Narrator: A city in China wants to launch an artificial moon into
orbit by 2020 as a way to reduce energy needs
by replacing street light with artificial moonlight. Regardless of whether or not they succeed, their ambitious idea
really made us wonder. What would happen if Earth had two moons? Well, it wouldn't be pretty. Imagine the moon's identical
twin comes hurtling by and is trapped by Earth's gravity. As it settles into orbit
halfway between Earth and our original moon, it
yanks violently at the oceans. In the real world, this
is how our original moon helps generate tides.
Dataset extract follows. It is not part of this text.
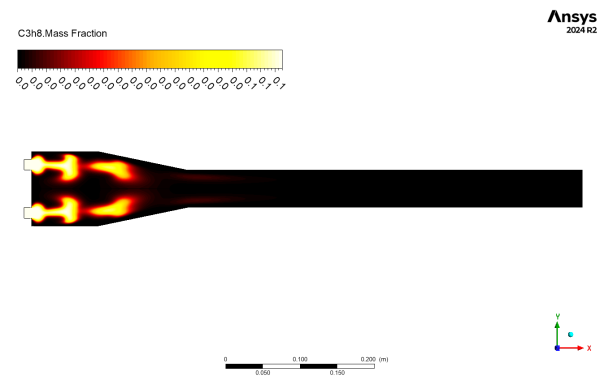 Pulse Combustion CFD Simulation, ANSYS Fluent Tutorial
So, the second moon
would amplify the effect causing peak tides that
would be six times higher, eroding shorelines and flooding many of our world's greatest
cities including New York, Singapore, and London, gone. But not all destruction
would happen on Earth. The combined pull of the
planet and the original moon would also yank on the second moon. The second moon would be
caught in a tug of war between earth and the original moon. The gravitational pull back
and forth from both ends would warp the second moon's surface triggering tremendous
volcanic activity flooding the second moon's surface
with red hot rivers of lava just like hundreds of the
volcanoes you see today on Jupiter's hellish moon, Io. But even that's not the
end of the spectacle. Right now, our current moon
is spiraling away from Earth at 3.8 centimeters a year. That's about how fast
your fingernails grow. At the same time, it pulls on the Earth slowing down the planet's
rotation which is actually lengthening our days by around one second every 40, 000 years. It may not sound like much,
but with two moons in place, it would accelerate
this process even more. Millions of years from now,
the day will have grown by 16%, lasting longer than 28 hours. Now a little extra time in
the day may sound pretty nice, but here's the problem, the extra moon would drift
towards the current moon and that's where the real danger comes in. After millions of years,
the two moons would collide. The impact would be so massive, it would rip the very
core of the moons apart. Lava would erupt from their center like a runny egg in space
casting a vivid, red light in the sky on Earth. Meanwhile, debris would go
hurtling in all directions where some of it would
inevitably strike Earth forming massive craters miles wide. It would be an apocalypse
for all life on Earth. And what didn't hit the planet
would instead be trapped by Earth's gravity
forming a ring of debris around the equator similar
to the rings around Saturn. But not for long. Within just a few years, those
chunks would clump together forming one, large, single body. Perhaps any life that survived
will call it the moon, or maybe something even better.